Based on the question and comments, I think the OP would simply like to ged rid of the sinewave, to the maximum extent feasible, and also minimize the transient response to the 1 V step. So @Dan Boschen's advice about the Bessel LPF is good, but there is still the transient response and the overshoot: for a 5th order Bessel LPF, it is 0.76%. Re-using some LPF filter data from a paper I published in 1986, I have taken some liberties with the OP's stated values and obtained some results that may be thought-provoking, if nothing else. So consider the following model:

LPF comparison model

In the model, the signal source is a 20 Hz sinewave, with 0.1 V amplitude and riding atop a 1 V DC offset. The Butterworth and Bessel LPFs are third order and have 1 Hz noise bandwidths. The RC LPF has a time constant that is given by the output of a linear ramp: the starting value is 4 ms and the end value, reached after 0.5 s, is 0.25 s. So the RC LPF has a small time constant at the beginning, to quickly deal with the step transient, and then the noise bandwidth (which equals 1/4RC) is 1 Hz for the last 75% of the simulation. To further reduce the sinewave ripple, the RC LPF is followed by a simple running integrator that averages over one sinewave period, i.e., 50 ms, in this model. So it does a 50 point running average.
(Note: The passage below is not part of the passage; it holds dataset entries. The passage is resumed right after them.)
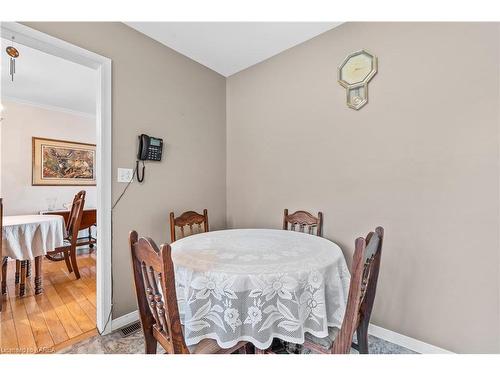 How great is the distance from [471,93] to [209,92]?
2.16 m

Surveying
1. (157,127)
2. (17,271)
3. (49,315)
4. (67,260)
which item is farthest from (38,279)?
(157,127)

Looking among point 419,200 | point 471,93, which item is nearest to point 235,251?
point 419,200

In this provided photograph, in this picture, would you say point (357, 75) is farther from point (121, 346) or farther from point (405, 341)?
point (121, 346)

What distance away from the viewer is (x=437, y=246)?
1465mm

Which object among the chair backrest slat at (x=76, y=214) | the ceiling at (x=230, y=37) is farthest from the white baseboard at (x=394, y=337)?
the ceiling at (x=230, y=37)

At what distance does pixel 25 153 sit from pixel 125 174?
294cm

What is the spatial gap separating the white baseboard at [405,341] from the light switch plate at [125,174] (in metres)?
2.18

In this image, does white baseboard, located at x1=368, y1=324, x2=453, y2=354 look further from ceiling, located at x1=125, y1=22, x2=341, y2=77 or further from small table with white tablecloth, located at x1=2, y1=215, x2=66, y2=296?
small table with white tablecloth, located at x1=2, y1=215, x2=66, y2=296

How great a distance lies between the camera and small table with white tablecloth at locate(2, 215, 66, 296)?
2107mm

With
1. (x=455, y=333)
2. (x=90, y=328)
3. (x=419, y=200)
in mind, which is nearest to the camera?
(x=455, y=333)

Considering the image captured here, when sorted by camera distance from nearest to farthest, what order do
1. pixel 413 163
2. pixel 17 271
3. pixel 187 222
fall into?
pixel 413 163
pixel 187 222
pixel 17 271

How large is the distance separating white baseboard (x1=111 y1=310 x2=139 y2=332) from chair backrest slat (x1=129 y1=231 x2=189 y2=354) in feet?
3.16

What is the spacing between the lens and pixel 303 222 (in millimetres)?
1996

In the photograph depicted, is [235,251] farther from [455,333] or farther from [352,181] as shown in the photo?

The next figure compares the three filters:

Comparison of responses

The traces are color-coded, as shown in the figure. Clearly the time-variant RC LPF did OK. The next figure is an expanded scale version, with only the Bessel and time-variant RC LPF responses:

enter image description here

I have not played around with the ramp values or tried a non-linear ramp, so I have no clue what might happen. But I think there is a point to me made: the more you know about the specifics of a given problem, and the more clearly you understand what you actually want to know or accomplish, the more opportunities you have in regard to solving the problem. By the way, the third order Bessel LPF has 0.75% overshoot, almost the same as the 5th order filter.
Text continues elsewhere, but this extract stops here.